Редактиране

Споделяне чрез


Azure Stream Analytics: Write to a Delta Lake table

Delta Lake is an open format that brings reliability, quality, and performance to data lakes. You can use Azure Stream Analytics to directly write streaming data to your Delta Lake tables without writing a single line of code.

A Stream Analytics job can be configured to write through a native Delta Lake output connector, either to a new or a precreated Delta table in an Azure Data Lake Storage Gen2 account. This connector is optimized for high-speed ingestion to Delta tables in Append mode. It also provides exactly-once semantics, which guarantees that no data is lost or duplicated. Ingesting real-time data streams from Azure Event Hubs into Delta tables allows you to perform ad hoc interactive or batch analytics.

Delta Lake configuration

To write data in Delta Lake, you need to connect to a Data Lake Storage Gen2 account.
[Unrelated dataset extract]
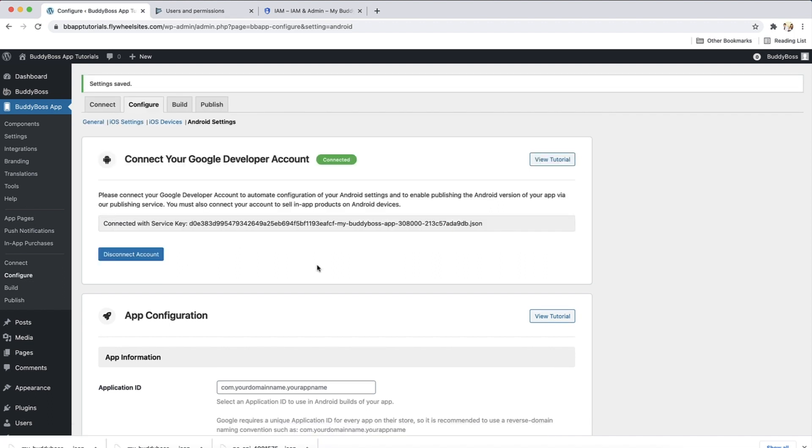And there we go. The BuddyBoss app is now connected to a Google developer account. You can click disconnect account to disconnect from this account, for example, if you wanted to change the API key used or switch to a different account. Now that you are connected, you can proceed to configuring your Android app. This is covered in detail in our Configure your Android app tutorial.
The following table lists the properties related to Delta Lake configuration.

Property name Description
Event serialization format Serialization format for output data. JSON, CSV, Avro, and Parquet are supported. Delta Lake is listed as an option here. The data is in Parquet format if Delta Lake is selected.
Delta path name The path that's used to write your Delta Lake table within the specified container. It includes the table name. More information is in the next section.
Partition column Optional. The {field} name from your output data to partition. Only one partition column is supported. The column's value must be of string type.

To see the full list of Data Lake Storage Gen2 configuration, see Azure Data Lake Storage Gen2 overview.

Delta path name

The Delta path name is used to specify the location and name of your Delta Lake table stored in Data Lake Storage Gen2.

You can use one or more path segments to define the path to the Delta table and the Delta table name. A path segment is the string between consecutive delimiter characters (for example, the forward slash /) that corresponds to the name of a virtual directory.

The segment name is alphanumeric and can include spaces, hyphens, and underscores. The last path segment is used as the table name.

Restrictions on the Delta path name include:

  • Field names aren't case sensitive. For example, the service can't differentiate between column ID and id.
  • No dynamic {field} name is allowed. For example, {ID} is treated as text {ID}.
  • The number of path segments that comprise the name can't exceed 254.

Examples

Examples for a Delta path name:

  • Example 1: WestUS/CA/factory1/device-table
  • Example 2: Test/demo
  • Example 3: mytable

Example output files:

  1. Under the chosen container, the directory path is WestEurope/CA/factory1 and the Delta table folder name is device-table.
  2. Under the chosen container, the directory path is Test and the Delta table folder name is demo.
  3. Under the chosen container, the Delta table folder name is mytable.

Create a new table

If there isn't already a Delta Lake table with the same name and in the location specified by the Delta path name, by default, Stream Analytics creates a new Delta table. This new table is created with the following configuration:

Write to the table

If a Delta Lake table already exists with the same name and in the location specified by the Delta path name, by default, Stream Analytics writes new records to the existing table.

Exactly-once delivery

The transaction log enables Delta Lake to guarantee exactly-once processing. Stream Analytics also provides exactly-once delivery when outputting data to Data Lake Storage Gen2 during a single job run.

Schema enforcement

Schema enforcement means that all new writes to a table are enforced to be compatible with the target table's schema at write time to ensure data quality.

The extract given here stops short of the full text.